FTP commemorates Montreal Massacre

December 7, 2016   ·   0 Comments

Written By: Jasen Obermeyer

Family Transition Place (FTP) has commemorated the Montreal Massacre by holding a candlelight vigil, raising awareness and celebrating International Day for the Elimination of Violence Against Women.

The first day of the annual event was November 25, the start of the 16 days of Activism Against Gender-Based Violence Campaign. The campaign ends this Saturday, December 10, which is International Human Rights Day and the start of the White Ribbon Campaign, a movement by men working to end violence against women.   

FTP’s annual vigil remembers the Montreal Massacre. On December 6, 1989, at the Polytechnique Montreal, an engineering school with Montreal University, Marc Lepine, 25, shot and killed 14 women, injuring four men and 10 other women before killing himself. Mr. Lepine claimed he was “fighting feminism.” The day is Canada’s National Day of Remembrance and Action on Violence Against Women.   

Norah Kennedy, FTP’s executive director, says the day is very significant for FTP. “It’s probably the most somber day of our year because it is representative of the fact that violence against women is still so prevalent in our society.”

FTP has been a shelter and counselling service since 1984, and according to its website, provides “critical services to women and their children who have experienced abuse and unhealthy relationships.”
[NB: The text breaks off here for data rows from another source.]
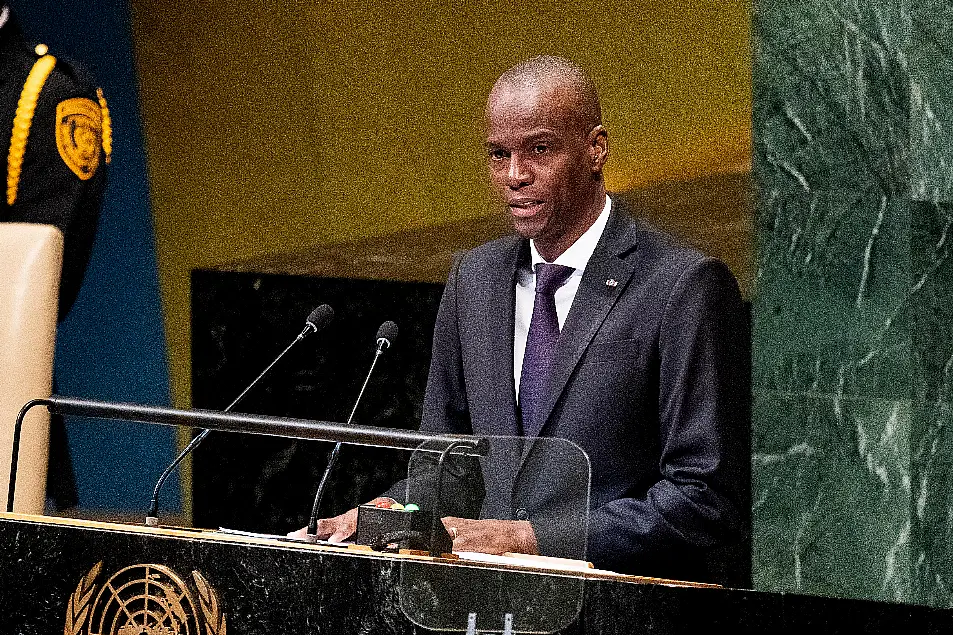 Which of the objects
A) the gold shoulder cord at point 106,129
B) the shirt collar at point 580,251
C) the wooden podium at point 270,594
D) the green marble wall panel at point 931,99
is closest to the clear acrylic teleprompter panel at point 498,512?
the wooden podium at point 270,594

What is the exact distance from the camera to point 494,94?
3861 mm

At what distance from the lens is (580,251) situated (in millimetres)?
3689

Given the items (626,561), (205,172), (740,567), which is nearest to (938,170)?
(740,567)

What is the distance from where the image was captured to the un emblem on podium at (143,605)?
279cm

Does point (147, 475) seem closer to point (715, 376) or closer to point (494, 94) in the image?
point (494, 94)

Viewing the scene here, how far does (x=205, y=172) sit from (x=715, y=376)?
190cm

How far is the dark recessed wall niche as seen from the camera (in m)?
4.39

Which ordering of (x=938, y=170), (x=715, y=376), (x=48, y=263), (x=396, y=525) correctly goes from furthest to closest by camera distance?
(x=48, y=263) < (x=938, y=170) < (x=715, y=376) < (x=396, y=525)

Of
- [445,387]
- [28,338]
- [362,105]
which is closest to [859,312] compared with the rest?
[445,387]

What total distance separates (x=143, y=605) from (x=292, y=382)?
5.72 ft

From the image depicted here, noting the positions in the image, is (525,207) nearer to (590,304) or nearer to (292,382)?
(590,304)

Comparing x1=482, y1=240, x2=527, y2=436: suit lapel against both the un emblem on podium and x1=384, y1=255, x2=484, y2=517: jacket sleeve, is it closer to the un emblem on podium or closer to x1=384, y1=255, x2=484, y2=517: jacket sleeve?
x1=384, y1=255, x2=484, y2=517: jacket sleeve

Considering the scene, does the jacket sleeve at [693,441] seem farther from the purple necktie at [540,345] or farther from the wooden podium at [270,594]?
Result: the wooden podium at [270,594]

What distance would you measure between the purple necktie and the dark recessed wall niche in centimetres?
71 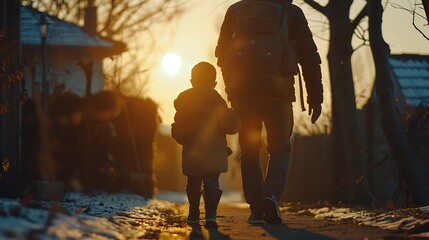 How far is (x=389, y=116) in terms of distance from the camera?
11.2 meters

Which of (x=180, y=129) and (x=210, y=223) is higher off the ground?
(x=180, y=129)

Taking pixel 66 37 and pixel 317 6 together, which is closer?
pixel 317 6

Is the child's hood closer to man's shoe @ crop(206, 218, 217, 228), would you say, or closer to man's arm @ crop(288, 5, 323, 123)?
man's arm @ crop(288, 5, 323, 123)

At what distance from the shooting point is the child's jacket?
25.0 ft

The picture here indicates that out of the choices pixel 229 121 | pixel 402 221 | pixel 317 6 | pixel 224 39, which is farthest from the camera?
pixel 317 6

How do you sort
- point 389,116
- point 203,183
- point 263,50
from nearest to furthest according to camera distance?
point 263,50, point 203,183, point 389,116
Ms. Kennedy says the shelter is full every night; they answer roughly 3,000 calls on their crisis line every year and took in 100 women and their 60 children last year.

FTP has programs in schools in Dufferin and Caledon, educating on violence against women, which Ms. Kennedy says she hopes for a change, the next generation of boys and girls knowing a relationship doesn’t have violence and power.

“What I’m really thrilled by is that we’ve seen an increased attendance of men.”

Giving a speech on the massacre, thanking everyone’s support, Ms. Kennedy says it’s important to remember, as violence against women is still an huge issue.

“Today is very symbolic for us because it helps us to reflect on why the violence happens. It puts into focus just how extreme that violence can get.”